▶ _DATA PROVIDED_:
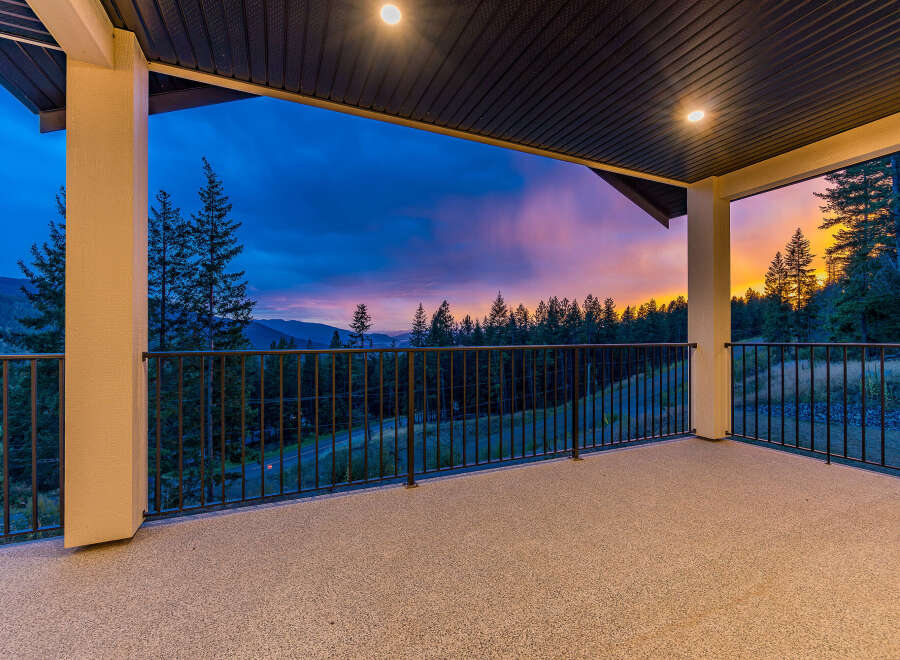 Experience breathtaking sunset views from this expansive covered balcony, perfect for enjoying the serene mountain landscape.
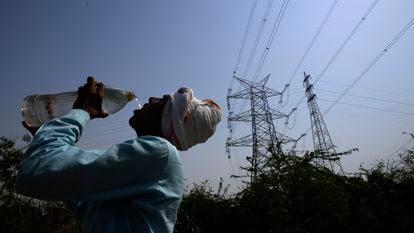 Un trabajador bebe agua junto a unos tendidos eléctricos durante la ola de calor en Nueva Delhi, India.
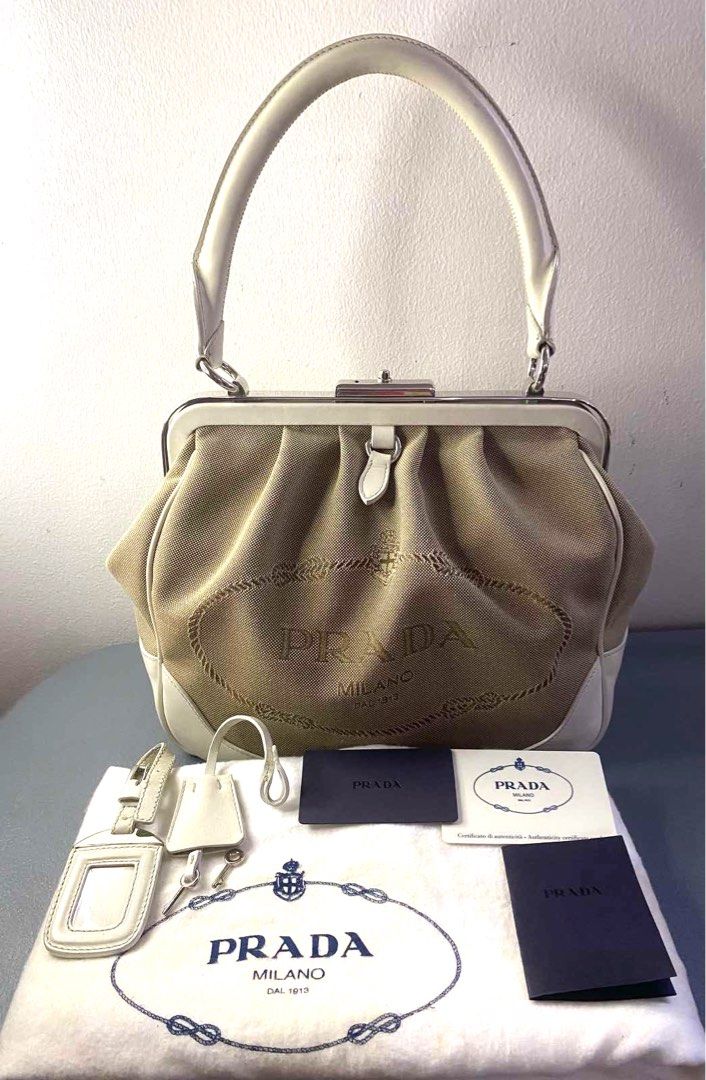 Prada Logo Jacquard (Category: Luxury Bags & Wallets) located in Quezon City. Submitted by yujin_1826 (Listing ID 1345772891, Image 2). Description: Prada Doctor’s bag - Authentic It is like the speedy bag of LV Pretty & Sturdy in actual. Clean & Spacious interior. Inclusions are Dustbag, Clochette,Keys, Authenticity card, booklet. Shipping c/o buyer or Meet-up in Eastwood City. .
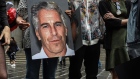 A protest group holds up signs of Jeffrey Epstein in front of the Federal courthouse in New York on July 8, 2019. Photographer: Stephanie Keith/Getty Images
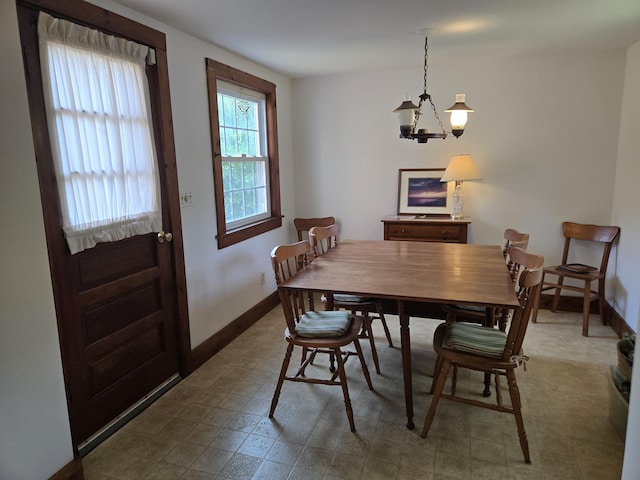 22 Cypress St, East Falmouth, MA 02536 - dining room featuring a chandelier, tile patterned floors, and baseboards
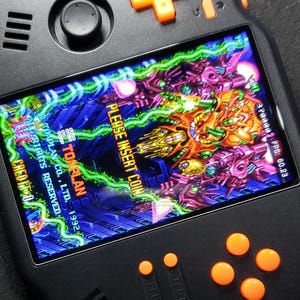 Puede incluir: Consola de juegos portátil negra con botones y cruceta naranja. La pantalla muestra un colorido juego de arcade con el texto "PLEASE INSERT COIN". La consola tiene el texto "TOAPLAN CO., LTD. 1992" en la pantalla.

==

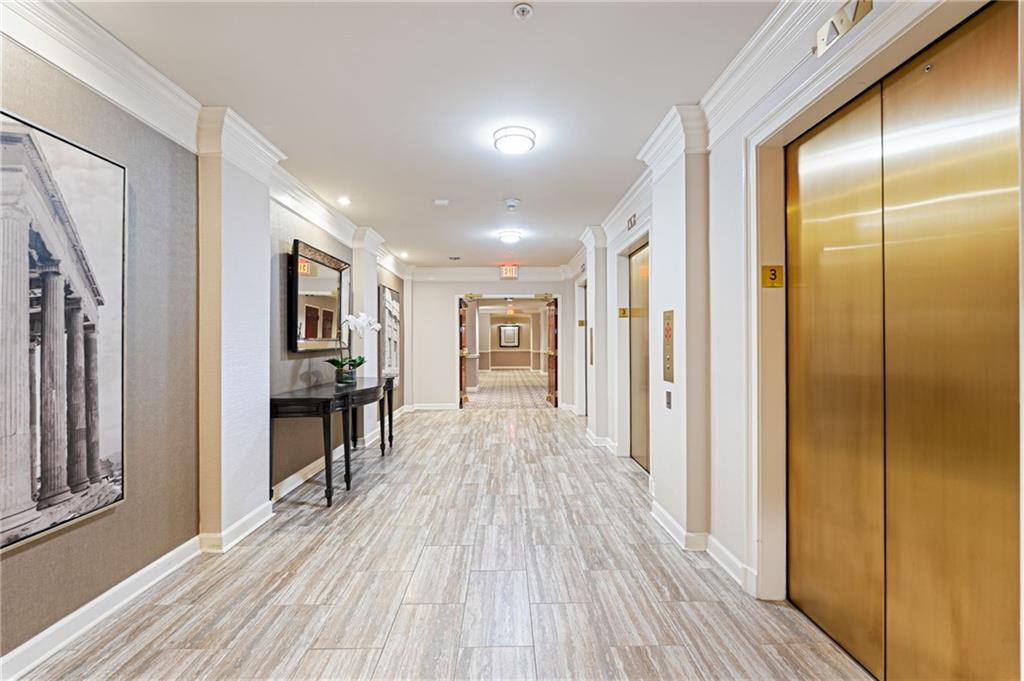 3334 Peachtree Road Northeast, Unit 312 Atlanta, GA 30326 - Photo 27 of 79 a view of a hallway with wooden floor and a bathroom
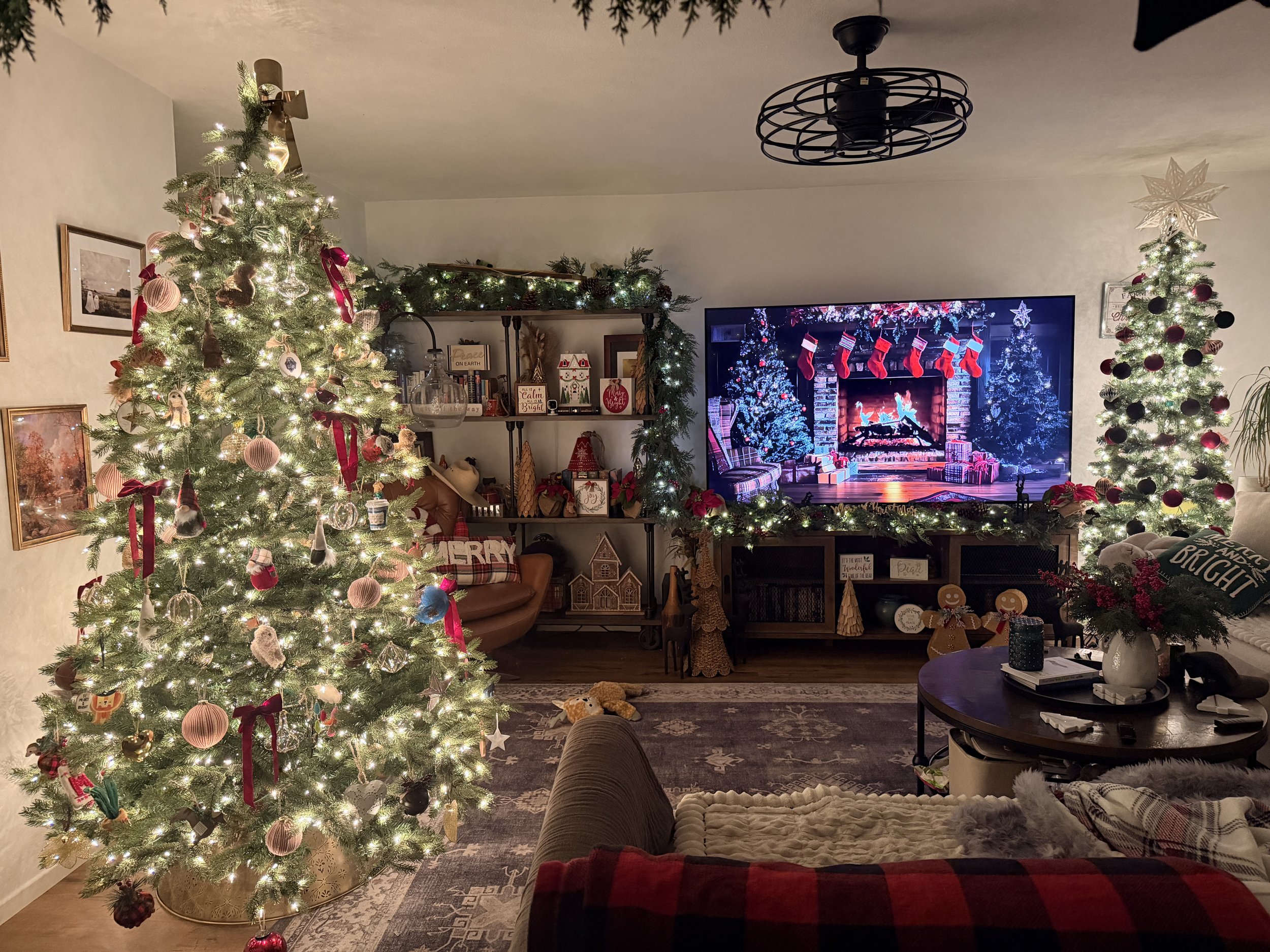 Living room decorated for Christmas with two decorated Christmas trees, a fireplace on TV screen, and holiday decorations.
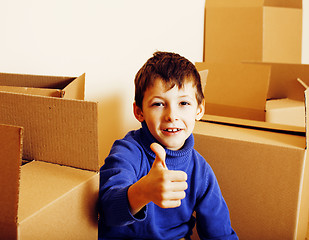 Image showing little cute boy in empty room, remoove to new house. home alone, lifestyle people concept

...

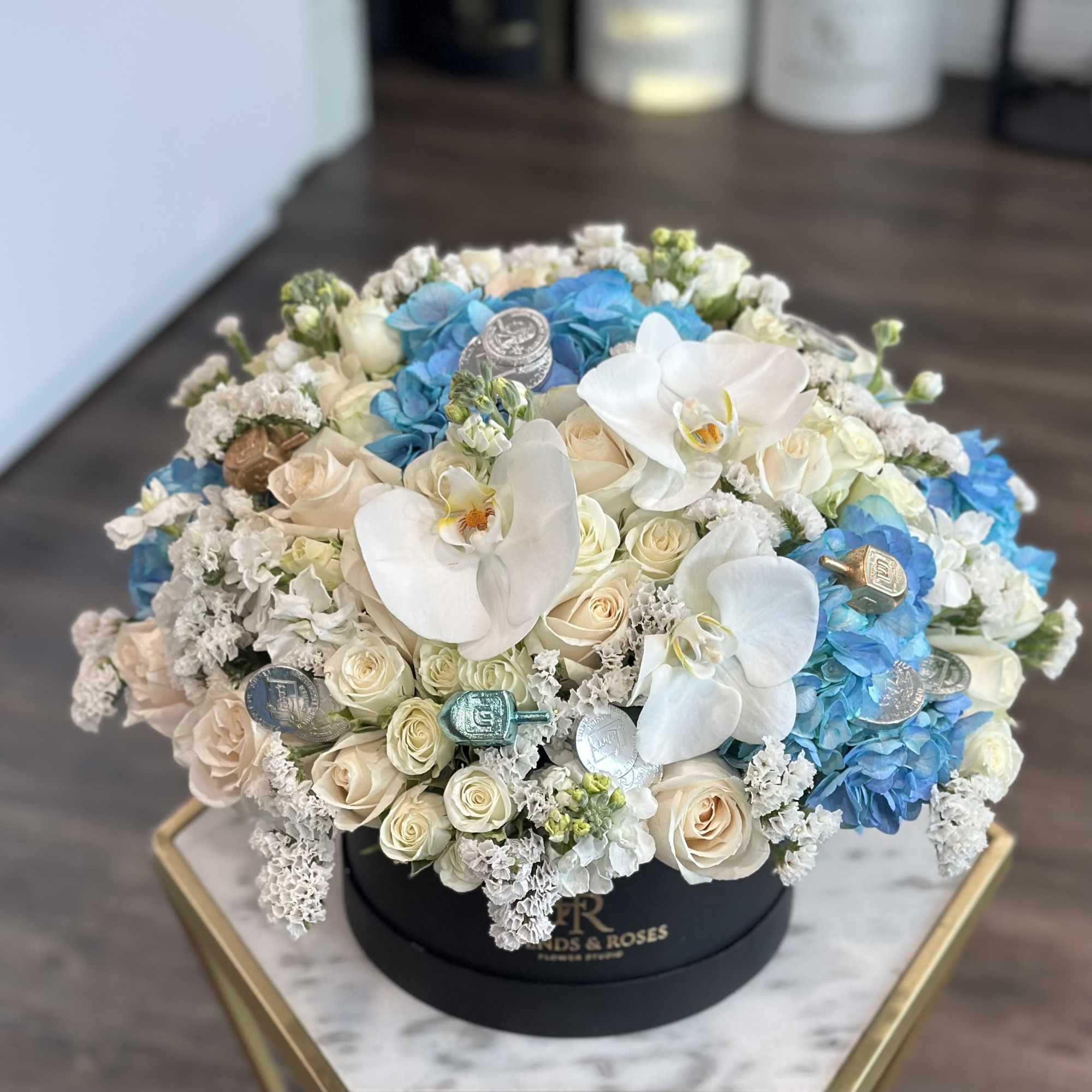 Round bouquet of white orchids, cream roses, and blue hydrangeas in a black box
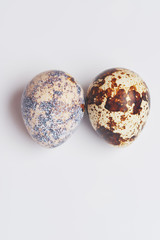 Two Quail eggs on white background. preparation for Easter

▶ _EXERCISE_: Transcribe, exactly and without pictures, everything in the data from the line with "A protest group" down to the line with "22 Cypress St, East", both included.

▶ _TASK SOLUTION_:
 A protest group holds up signs of Jeffrey Epstein in front of the Federal courthouse in New York on July 8, 2019. Photographer: Stephanie Keith/Getty Images
 22 Cypress St, East Falmouth, MA 02536 - dining room featuring a chandelier, tile patterned floors, and baseboards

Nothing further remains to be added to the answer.